-- Opening Marker --
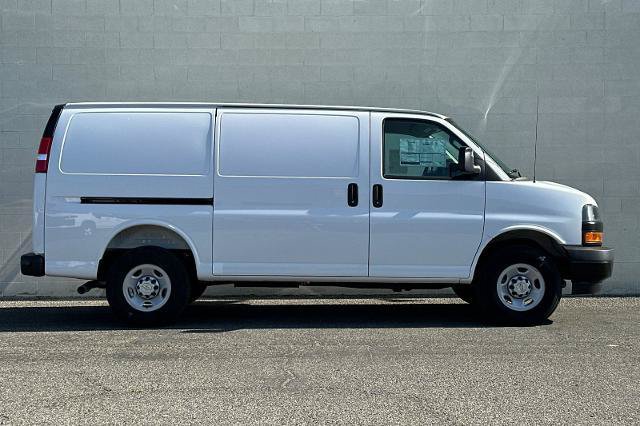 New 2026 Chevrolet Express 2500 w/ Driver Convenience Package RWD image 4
-- Closing Marker --
-- Opening Marker --
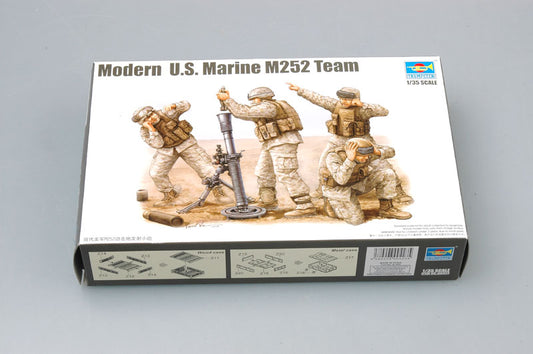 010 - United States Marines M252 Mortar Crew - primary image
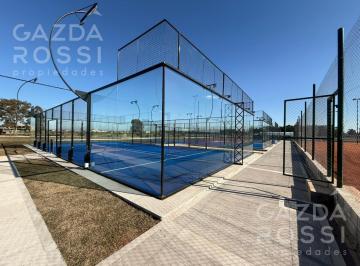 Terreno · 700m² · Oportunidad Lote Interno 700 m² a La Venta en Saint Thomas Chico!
-- Closing Marker --
» Your task: Print nothing but the lines above starting with the line that contains "010 - United" and going on through the line that contains "Terreno · 700m²". Leave out the pictures.

» Solution for this exercise:
 010 - United States Marines M252 Mortar Crew - primary image
 Terreno · 700m² · Oportunidad Lote Interno 700 m² a La Venta en Saint Thomas Chico!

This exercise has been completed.